The numbers tell an impressive story: In 2003, prior to the capital gains cut, the Congressional Budget Office was projecting capital gains tax revenues of $51 billion, $56 billion, and $62 billion respectively for the years 2003-2005, on capital gains realizations of $294 billion, $322 billion, and $350 billion. After the rate cut, the CBO predicted that realizations would be basically unaffected, and that therefore revenues would decline because of the lower rate.
The actual numbers for those years were re leased by the CBO last week, and the opposite happened - revenues were significantly higher than predicted before the capital gains tax rate cut - in other words, it more than paid for itself. In 2003, the year the rate was cut, realizations jumped from a projected $294 billion to an actual $323 billion. In 2004 and 2005, realizations skyrocketed to $479 billion and $539 billion, versus pre-rate cut projections of only $322 billion and $350 billion.

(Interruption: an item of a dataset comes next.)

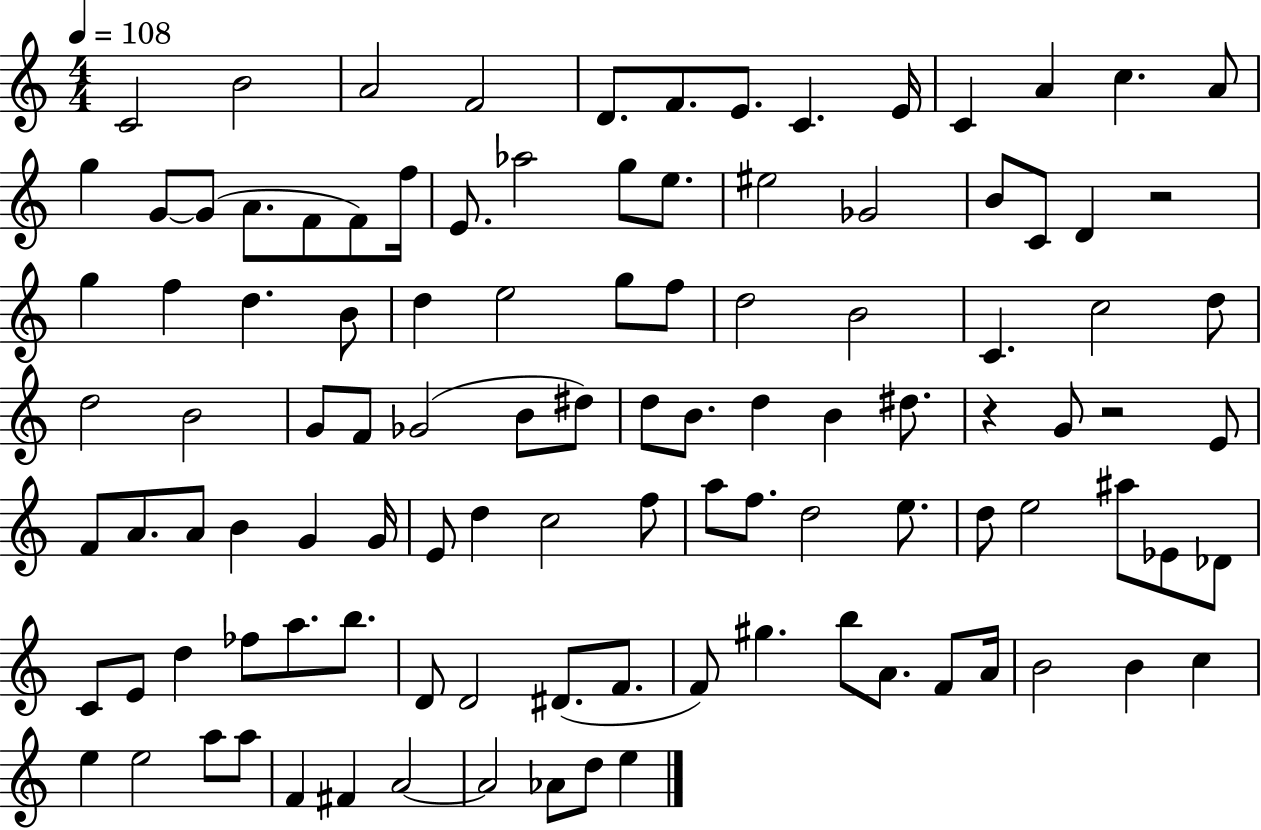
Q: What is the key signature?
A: C major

The dramatic rise in capital gains realizations fueled a corresponding increase in capital gains tax revenues - confounding the CBO model predictions. Cap gains revenues totaled $50 billion,
(Excerpt) Read more at nysun.com ...
Make the tax cuts permanent!
SLASH AND SLICE ALL TAXES
Replace the word taxes with politician of choice.
Given that there seem to be a lot of businesses shifting operations overseas, that would tend to suggest that the "rent" is far above the optimum level.
If anyone would like to be added to this ping list let me know.
John Linder in the House(HR25) & Saxby Chambliss Senate(S25) offer a comprehensive bill to kill all income and SS/Medicare payroll taxes outright and replace them with with a national retail sales tax administered by the states.
H.R.25,S.25
A bill to promote freedom, fairness, and economic opportunity by repealing the income tax and other taxes, abolishing the Internal Revenue Service, and enacting a national retail sales tax to be administered primarily by the States.Refer for additional information:
refer Tax Freedom Day 2005 report PDF: Special Report No.134, April 2005
Total Effective Tax Rates by Level of Government |
|||
Year | Federal | State | Total |
1996 | 21.3% | 10.4% | 31.6% |
1997 | 21.8% | 10.3% | 32.1% |
1998 | 22.4% | 10.4% | 32.8% |
19990 | 22.5% | 10.4% | 32.9% |
2000 | 23.1% | 10.4% | 33.5% |
2001 | 22.2% | 10.5% | 32.7% |
2002 1 | 19.6% | 10.2% | 29.8% |
2003 2 | 18.8% | 10.1% | 28.9% |
2004 3 | 18.4% | 10.2% | 28.6% |
2005 | 19.0% | 10.1% | 29.1% |
Notes: Leap day is omitted to make dates comparable over time. Since depreciation is not available to pay taxes, GDP is an overstatement of spendable income for the purpose of measuring tax burdens. Depreciation is netted out of NNP. "Overall, NNP provides the best statistical representation of the common notion of spendable resources. In 2004 NNP was $10,371.6 billion. Like GDP and PI, NNP is a component of the National Income Product Accounts (NIPA). These accounts are computed and compiled annually by the Commerce Depart-ments Bureau of Economic Analysis (BEA)." 0 First year introduction of HR2525(Fair Tax legislation). 1 Economic Growth and Tax Reform Reconciliation Act of 2001 Sources: Office of Management and Budget; Internal Revenue Service; Congressional Research Service; National Bureau of Economic Research; Treasury Department; and Tax Foundation calculations. |
1. The CBO models are gospel and are often quoted by politicians to paint scary pictures of soaring deficits. The fact is that the models are static and severly flawed with regard to economic consequences of tax policy.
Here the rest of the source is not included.